The ideal, of course, would be that support for a cause has cross-party support, although this is not always possible. The great majority of campaign groups will be rightly resentful of being tethered through registration to a party political post when in reality, in the longer term and in the broader context of a campaign group’s aims, this is invariably not the case. Friends of the Earth put this very well when they say,

“we never support one party or candidate over another, and never tell supporters or the public how we think they should vote. But we do say what we think about important environmental policies that politicians and political parties also have an opinion about”.

One of the problems with Part 2 of the Bill appears to be not just fears about whether you will be caught out by it, but the uncertainties about what it is intended to achieve. Big Brother Watch, English PEN and others have said that for many charities,

“self-censorship is an inevitable consequence of the bill as it stands”.

If the Bill goes through as it is, it will be destructive both for groups and for our democracy. A year is a hugely long time for campaigning organisations to be effectively out of action, when in the lead-up to an election precisely the opposite ought to be the case.

What about the role of the press during this period? Presumably it will then have a free hand in this regard, although to be consistent the Government ought to restrict the press as campaigning organisations as well. I am not in favour of that. In the lead-up to an election there should be a properly healthy public discussion of issues and policies, including the views of both a diverse press—ideally—and campaigning bodies, running alongside each other.

Campaigns develop and grow organically, often starting from small groups. For some organisations, artificially to stop campaigning for a year would be a body blow, because campaigns are built on momentum. Other campaigns are time-sensitive, and one can all too easily see the Government of the day pushing through contentious decisions during this period—for example, beginning construction work on a nuclear reactor—under the radar, as it were, without public discussion or protest.

There is a part of me which says, perhaps against my better instincts, “Bring on this silence for a year”—which is what will happen if the Bill passes as is. Perhaps we would see the emergence of quieter voices, more non-professionalised campaign groups staffed by volunteers operating at low cost—except that volunteers are to be counted towards costs, and it will be very difficult for any organisation to operate within the extremely low thresholds that the Bill sets. What we would more likely see is more direct action and more and more outrageous ways in which some groups will draw attention to themselves.

I cannot help but think of the group Femen, which we learnt last week is setting up a London branch.
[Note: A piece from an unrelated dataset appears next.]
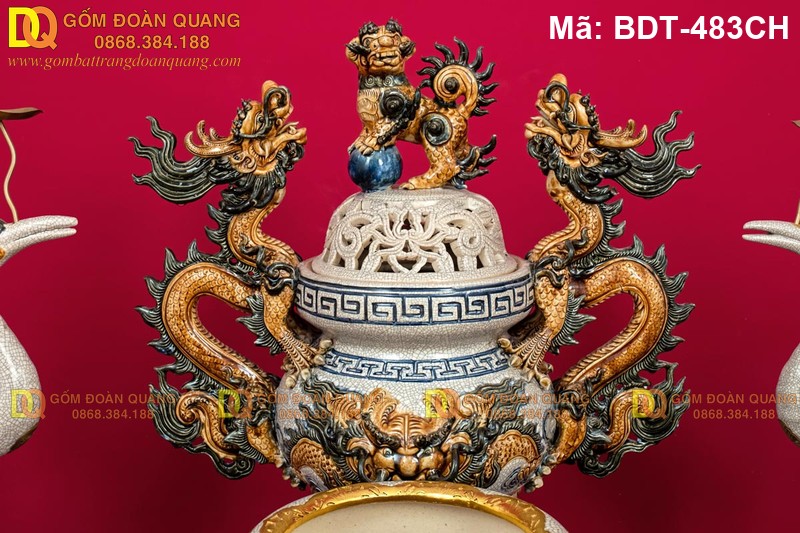 Bộ đồ thờ Bát Tràng đẹp đủ món mã BDT-483CH - Ảnh 9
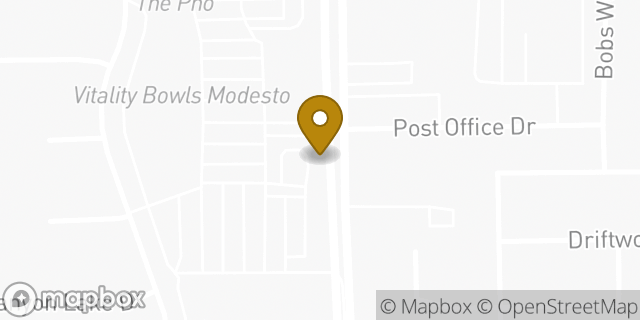 Map showing the location of Starbucks in Modesto, CA 95355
Without suggesting in any way that that or any other group has any intention of breaking the law, I suspect that such a group would never contemplate registering with the Electoral Commission. It would argue that to do so would be to defer to a patriarchal and authoritarian system. Many might think that it would have a point. The key point here is that no Government should try to put a lid on the public voice, which the charities and campaigning groups represent. Indeed, it is, in the long run, unrealistic to do so because you cannot put a lid on boiling water without the steam somehow, in the end, finding a way of escaping.

Many of the great social reforms of the past have come about thanks to the tireless work of people outside the mainstream, who felt that this was how they could best serve their country. Politics at Westminster is not a one-way street and campaigning organisations are an important part of the process. Indeed, their role within the political process is often underestimated by Governments and sometimes wholly ignored—I can think of one recent example during the passage of a Bill.

My strong preference would be to see this Bill paused. Part 2 should certainly be rejected because it is unnecessary and fundamentally misconceived. Any reform that the Government wish to undertake should be far more considered and consulted on.